Salmela broke the silence. “You gonna send a Christmas card to me in the pen, or you think you’ll have time to drop by?”
“I’ll be by. Outside normal visiting hours, of course,” Suhonen said, looking his childhood friend in the eye. He didn’t really know what else to say, and nothing else was needed.
EARLY THURSDAY MORNING
CHAPTER 18
THURSDAY, 12:40 A.M.
LAUTTASAARI, HELSINKI
Repo pulled a suction cup and the glass-cutter he had bought from the sale bin at the Anttila department store from his coat pocket. He pressed the suction cup to the window and used the pencil-like tool to incise a circular hole around it. The glass didn’t come loose on the first try, and Repo was forced to make a second incision.
The window was triple-paned, so Repo had to cut through the internal windows as well before he was able to push his hand through the hole and open the back door.
He stopped to listen. The house was quiet. Repo noticed his pulse quickening, and yet he felt calm. He had planned this for a long time.
The house was a large one by Finnish standards; Repo estimated at least 2000 square feet. It was a single-story brick home with a flat roof. The location was secluded, too-on the northern shore of Lauttasaari Island, right next to the Lauttasaari soccer fields. The marina was a hundred yards away. A long line of townhouses stood on the marina side of the house; on the other, a couple of ramshackle wooden homes.
Inside was dim, but the living room looked to be completely decorated in black and white. The couch and the table in front of it were white, the armchair was black. Black-and-white paintings hung from the walls. The flat-screen TV had been picked to match the decor.
There seemed to be an aquarium over to the side, but it was dark.
Everything looked tidy and well-kept but stark. Repo eyed the furnishings and shut the back door behind him. He walked across the carpet without taking off his shoes. He removed his gray coat and tossed it across the sofa, but kept the shoulder bag with him.
The living room was set lower than the rest of the house, and Repo had to climb a couple of steps to get to the main level. The black-and-white decor continued in the dining room. The largish dining table was black, and the ten chairs white. The dining room was separated from the living room by a low railing. Behind the dining space was the kitchen.

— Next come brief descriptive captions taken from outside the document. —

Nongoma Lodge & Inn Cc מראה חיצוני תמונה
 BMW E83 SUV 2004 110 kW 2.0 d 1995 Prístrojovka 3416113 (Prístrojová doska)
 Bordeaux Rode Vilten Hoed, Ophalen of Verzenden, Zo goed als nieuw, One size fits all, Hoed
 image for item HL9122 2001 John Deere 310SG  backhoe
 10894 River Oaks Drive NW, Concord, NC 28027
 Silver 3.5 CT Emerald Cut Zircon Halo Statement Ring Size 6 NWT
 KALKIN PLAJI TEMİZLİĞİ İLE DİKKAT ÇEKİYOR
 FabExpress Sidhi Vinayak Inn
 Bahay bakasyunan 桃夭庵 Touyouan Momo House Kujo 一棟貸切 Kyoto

Repo silently continued into the front entryway. Several coats and a woman’s black fur hung from the coat rack. A door to a room led off from the entryway. Repo opened it quietly and peeked inside. The streetlamp illuminated it enough for him to make out an office. It looked more normal than the black and white of the other rooms. In front of the window, there was an oak desk and a computer. The walls were lined in bookshelves. The room also accommodated a big, brown leather armchair with a small table at its side. Repo caught a faint whiff of cigar.